Update: Dec 08 2016: someone's working on this project. Sorry about the late update, but feel free to pick other projects you want to work on.

Interested in hacking on some low-level stuff and implementing a feature that's useful to a lot of laptop owners out there? We have a feature on libinput's todo list but I'm just constantly losing my fight against the ever-growing todo list. So if you already know C and you're interested in playing around with some low-level bits of software this may be the project for you.

Specifically: within libinput, we want to disable certain devices based on a lid state. In the first instance this means that when the lid switch is toggled to closed, the touchpad and trackpoint get silently disabled to not send events anymore. [1] Since it's based on a switch state, this also means that we'll now have to listen to switch events and expose those devices to libinput users.

The things required to get all this working are:

  • Designing a switch interface plus the boilerplate code required (I've done most of this bit already)
  • Extending the current evdev backend to handle devices with EV_SW and exposing their events
  • Hooking up the switch devices to internal touchpads/trackpoints to disable them ad-hoc
  • Handle those devices where lid switch is broken in the hardware (more details on this when we get to this point)

You get to dabble with libinput and a bit of udev and the kernel. Possibly Xorg stuff, but that's unlikely at this point. This project is well suited for someone with a few spare weekends ahead. It's great for someone who hasn't worked with libinput before, but it's not a project to learn C, you better know that ahead of time. I'd provide the mentoring of course (I'm in UTC+10, so expect IRC/email). If you're interested let me know. Riches and fame may happen but are not guaranteed.

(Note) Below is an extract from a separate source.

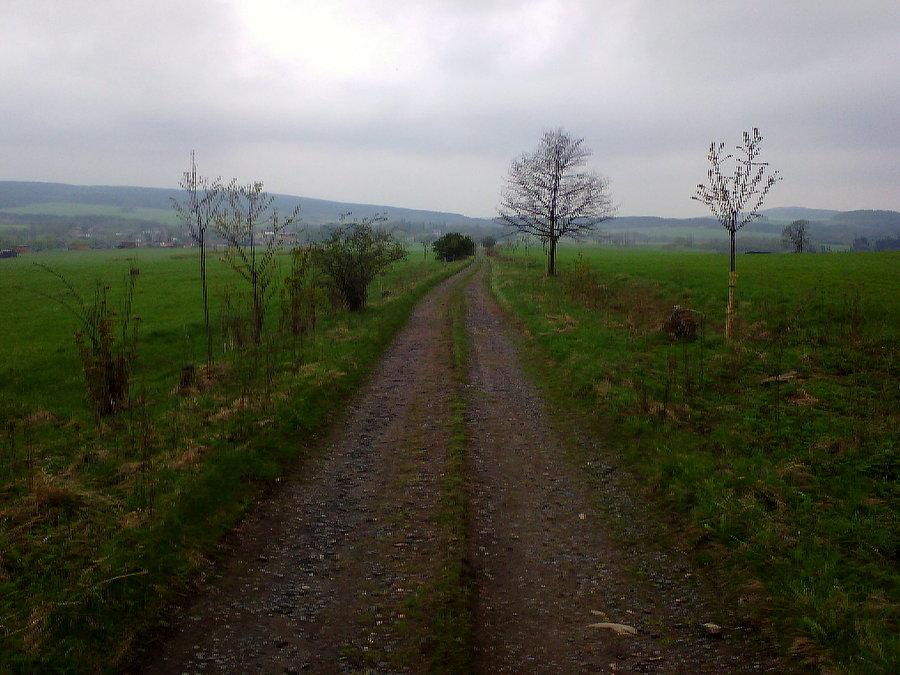 Trasy rowerowe okolice Lubania 03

[1] A number of laptops have a hw issue where either device may send random events when the lid is closed

2 comments:

Søren Hauberg said...

Perhaps related: some laptops (E.g. Lenovo Yoga laptops) allow the lid to be flipped behind the screen, turning the laptop into a tablet. Here you also want to disable the touchpad (doesn't currently happen). Perhaps it is the same problem just with a different event?

Sebastian said...
This comment has been removed by the author.